Give back, unaltered, the lines from the one with "Foto del edificio - 1930 NW 31st St" to the end of the material, omitting pictures.

■ Information shown
______________________________
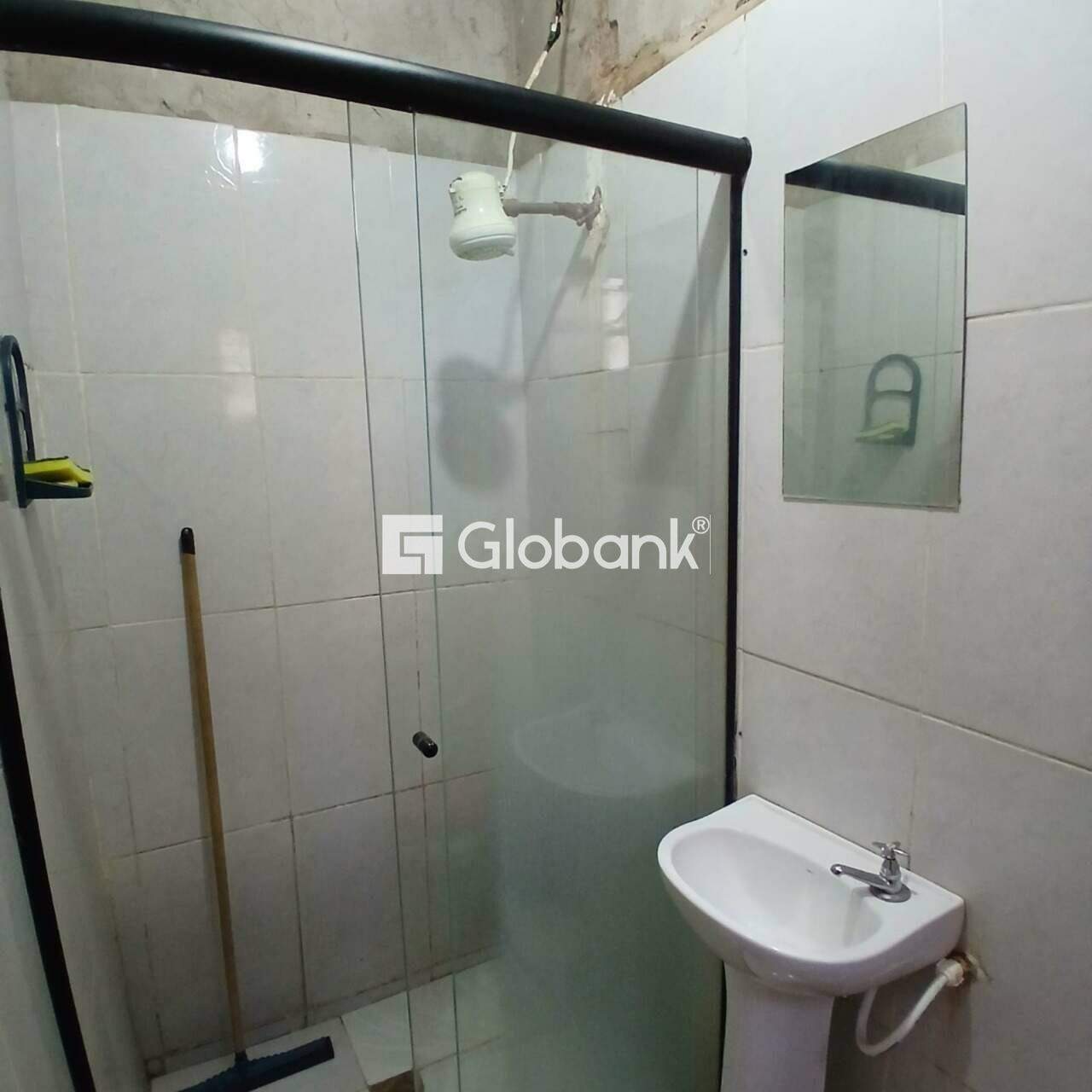 Sobrado 5 quartos à venda Morrinhos 80m² Montes Claros MG: 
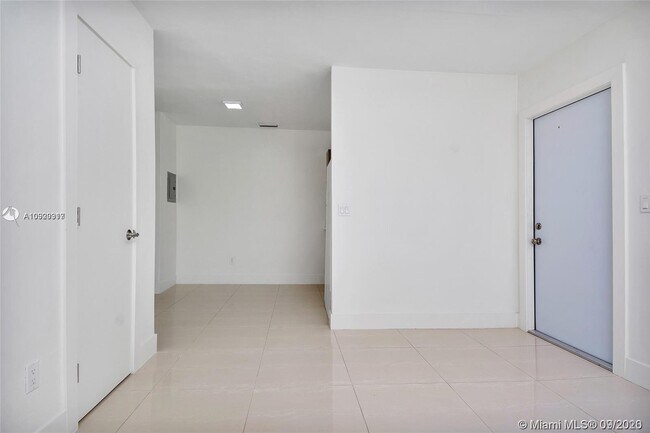 Foto del edificio - 1930 NW 31st St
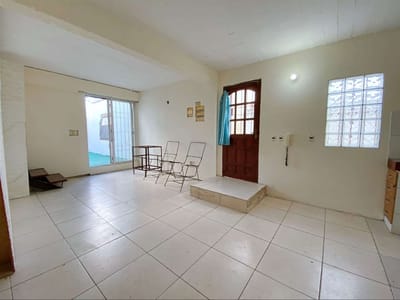 Alquiler Apartamento de 2 Dormitorios con Patio y Parrillero en Aires Puros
______________________________
■ Answer section
 Foto del edificio - 1930 NW 31st St
 Alquiler Apartamento de 2 Dormitorios con Patio y Parrillero en Aires Puros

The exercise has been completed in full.